Pour Bernard, 60 ans, le M2 a été mis en service pile au "bon moment": "Je me rendais au travail à moto avant et puis suite à un accident, il y a deux ans, j’ai arrêté. Du coup, on a un véhicule de moins à la maison et moi, je prends le métro depuis le début. Parfois je m’ennuie, alors vous voyez je fais des mots-croisés pour passer le temps. C’est un rythme excellent de là où je vis, à Croisettes, jusqu’à mon travail à Grancy, j’ai toujours une place assise."
Mais emprunter le métro, c’est aussi une question de coût : "Il faut quand même reconnaître qu’en deux ans le prix de l’abonnement n’a pas augmenté et avec 600 CHF par an, je dépense beaucoup moins qu’en essence par mois."

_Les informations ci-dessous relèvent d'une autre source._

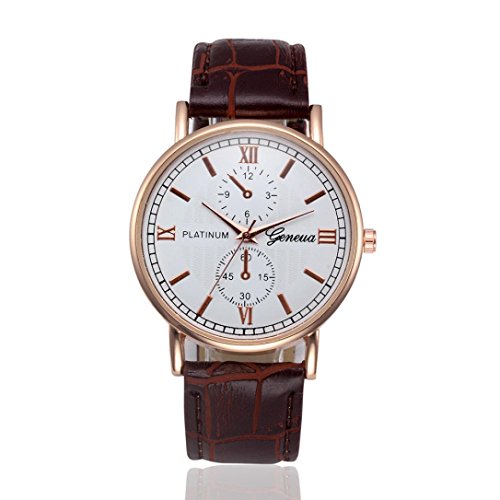 Preisvergleich Produktbild Herrenuhren Watches,Kingwo Mode Armbanduhr Retro Design Lederband Analog Legierung Quarz Armbanduhr für Männer Jungen (Braun)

Alors qu'il fête ses deux ans, le M2 est déjà à l'étroit
Le M2 fête aujourd’hui ses deux ans d’exploitation entre Ouchy et Epalinges sur un bilan très positif. Victime de son succès, certains de ses trains sont même saturés entre la gare CFF et le Flon. Pour faire face à la hausse continue du nombre de voyageurs, l’une des mesures envisagée est de réaménager l’intérieur des rames, pour permettre aux gens de mieux se répartir dans les convois. «A Lausanne, les usagers ne réagissent pas comme à Paris, explique Michel Joye, directeur des Transports publics de la région lausannoise (TL). Quand ils montent dans le métro, ils préfèrent rester près des portes.»

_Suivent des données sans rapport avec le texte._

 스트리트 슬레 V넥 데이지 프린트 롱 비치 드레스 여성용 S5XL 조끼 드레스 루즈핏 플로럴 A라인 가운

La première année, le métro lausannois a véhiculé 21 millions de personnes. La deuxième, on arrive à 24 millions de passagers, selon le décompte des portes palières des stations. La gestion automatique du M2 est aussi devenue bien plus fiable, après les pannes à répétition des premiers mois. Corollaire de ce bon niveau de performance: il est parfois difficile de trouver une place aux heures de pointe. Un phénomène constaté surtout entre la gare CFF et le Flon, mais aussi jusqu’à la station Bessières et, fait nouveau, entre la Sallaz et le CHUV.
«Le nombre de voyageurs devrait continuer à augmenter ces prochaines années, commente Michel Joye. Les chiffres devraient au moins doubler dans les quinze ans à venir à la gare CFF.» Le directeur des TL ajoute que des spécialistes sont donc en train de plancher sur tout un catalogue de mesures permettant d’accueillir davantage de monde dans le M2.
«La capacité dite théorique des rames est de 222?personnes, continue Michel Joye. Actuellement, elles en accueillent 170 à 180. Avec des changements ciblés, par exemple la disparition des strapontins, on pourrait atteindre le chiffre de 200 voyageurs par rame. Sans que les gens se sentent forcément plus à l’étroit qu’aujourd’hui.»
Les autres pistes
Les autres pistes sont plus techniques: diminution du temps durant lequel les trains font demi-tour, ou de celui que dure la fermeture ou l’ouverture des portes, augmentation de la vitesse maximale en descente…
«A moyen terme, il faudra probablement commander de nouveaux trains, ce qui se chiffrerait en dizaines de millions de francs, conclut Michel Joye. Mais combien et quand, la réponse dépend fortement de ce que nous arriverons déjà à faire avec le système actuel.»